Discrete logarithm in an arbitrary quotient ring of polynomials of one variable over a finite field

We consider the question of solvability and solution of the congruence relation $a^n(x)\equiv b(x)\pmod{F(x)}$ over a finite field for an arbitrary polynomial $F(x)$. In the case where $F(x)$ is a power of an irreducible polynomial, we give an algorithm of lifting of the solution, that is, the solution of the congruence
$$ a^n(x)\equiv b(x)\pmod{f^\alpha(x)} $$
reduces to the solution of the congruence $a^n(x)\equiv b(x)\pmod{f(x)}$. For this case we obtain necessary and sufficient conditions for solvability of exponential congruences. If $F(x)$ is not a power of an irreducible polynomial, then the solution, as before, reduces to the solution of congruences of the form $a^n(x)\equiv b(x)\pmod{f_i(x)}$, but the question of solvability reduces to checking the solvability of congruences of the form
$$ a^n(x)\equiv b(x)\pmod{f_i(x)f_j(x)}, $$
where $f_i(x)$ and $f_j(x)$ are irreducible divisors of $F(x)$. For the moduli of the form $f_i(x)f_j(x)$ the result is obtained for some special cases.

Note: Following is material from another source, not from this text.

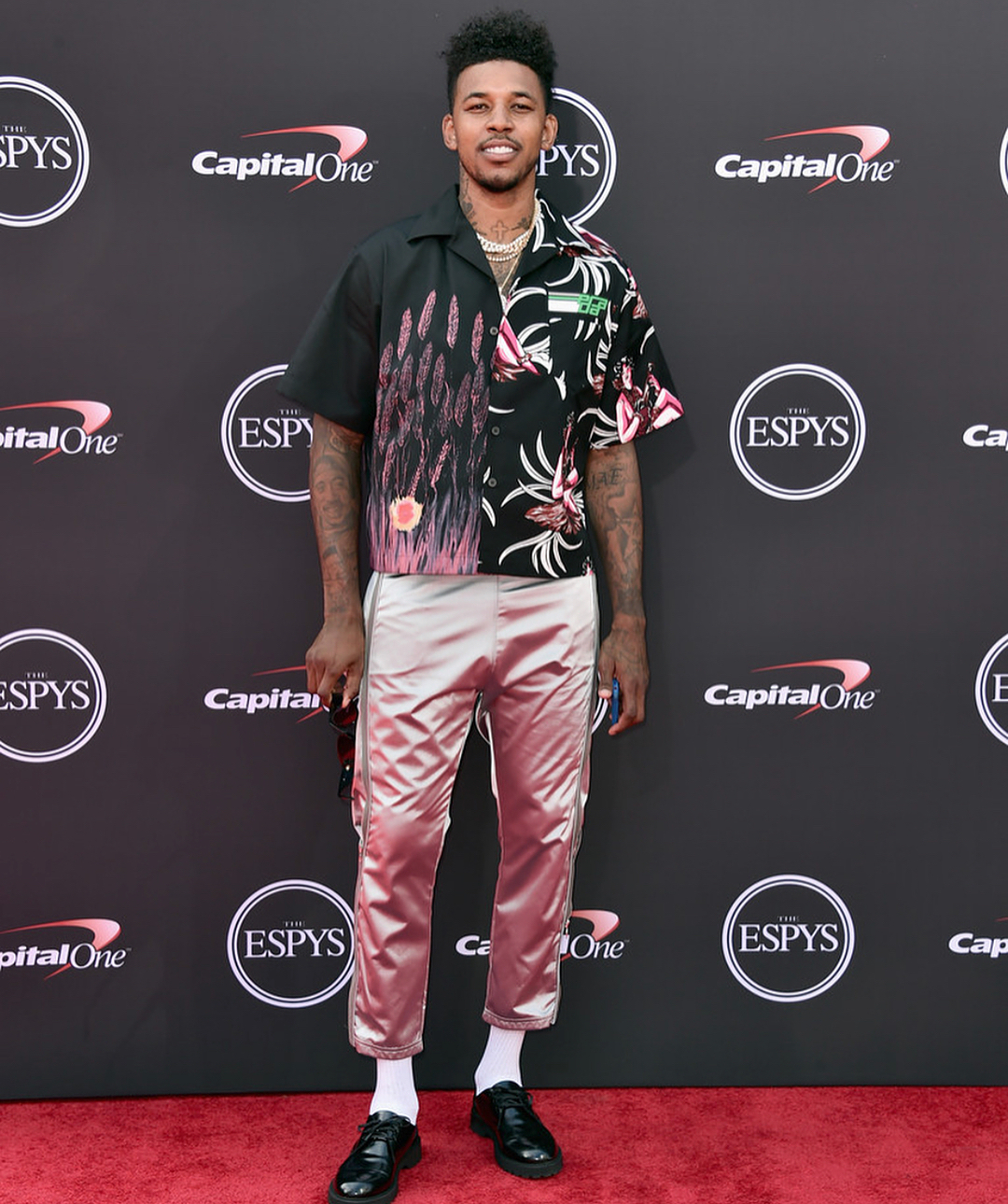 1-0,姆巴佩18岁弟弟神级停球后一剑封喉,率队4连胜,逼近法甲榜首（1-0，姆巴佩18岁弟弟神级停球后斩获制胜球，带队豪取四连胜，直逼法甲榜首）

In addition, we describe a constructive isomorphism of the quotient ring of polynomials $R=GF(p^m)[x]/(f^\alpha(x))$ and a chain ring represented in the form $\overline R=GF(p^r)[x]/(x^t)$, so that the results obtained for polynomials are extended to finite chain rings of prime characteristics. In particular, for the chain rings represented in the form $GF(p^r)[x]/(x^t)$ we give necessary and sufficient conditions for solvability of exponential congruences.